- [WORK INSTRUCTION]
Write out exactly the lines from the one that contains "detail of the" down to the last line of the material below, keeping both ends and omitting pictures.
*** Opening SOURCE INFORMATION ***
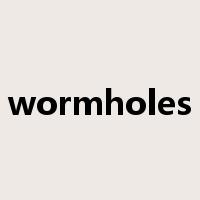 wormholes是什么意思
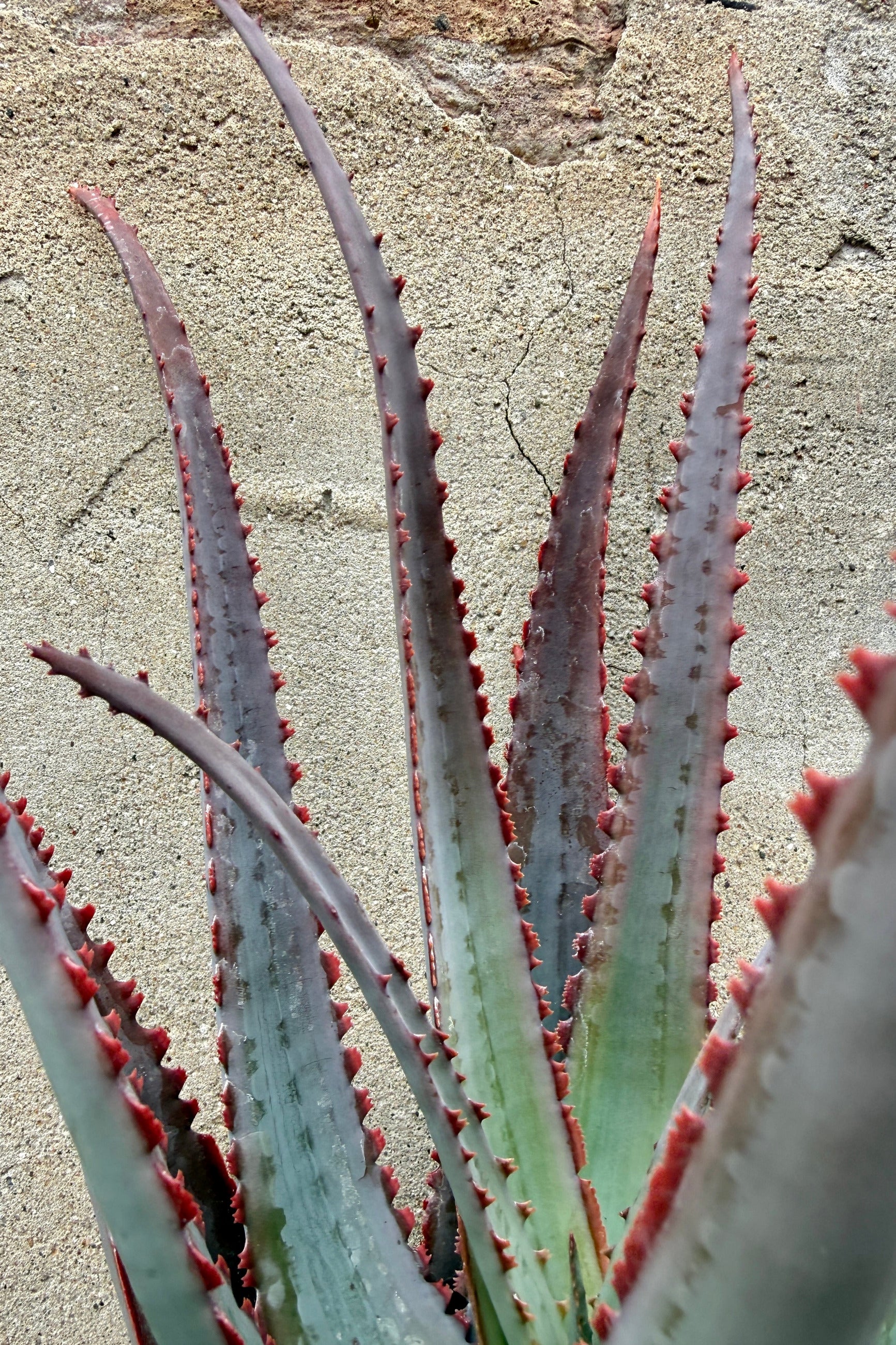 detail of the uniquely colorful leaves of Aloe divaricata 'Diablo' ©Sprout Home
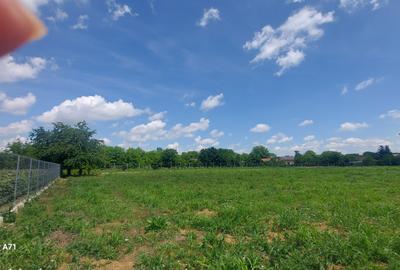 Snagov- Gruiu- Santul Floresti -Proprietate cu stil pentru oameni gospodari! - 50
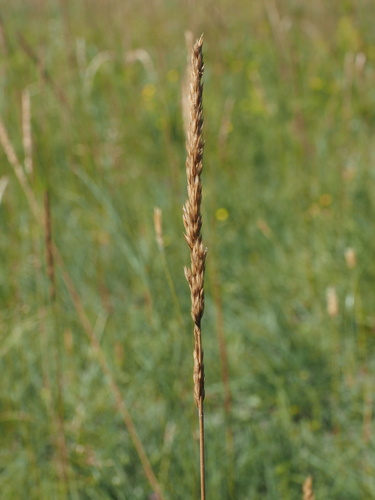Koeleria pyramidata, 2026-07-13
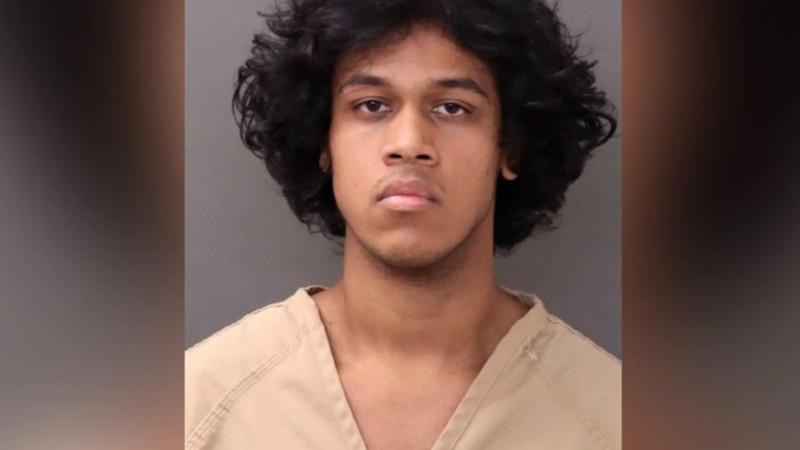 11歲女兒遭性侵!美父冒充她釣嫌犯上門「轟2槍」雙雙被捕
*** Closing SOURCE INFORMATION ***
- [SOLUTION FOR THIS EXERCISE]
 detail of the uniquely colorful leaves of Aloe divaricata 'Diablo' ©Sprout Home
 Snagov- Gruiu- Santul Floresti -Proprietate cu stil pentru oameni gospodari! - 50
Koeleria pyramidata, 2026-07-13
 11歲女兒遭性侵!美父冒充她釣嫌犯上門「轟2槍」雙雙被捕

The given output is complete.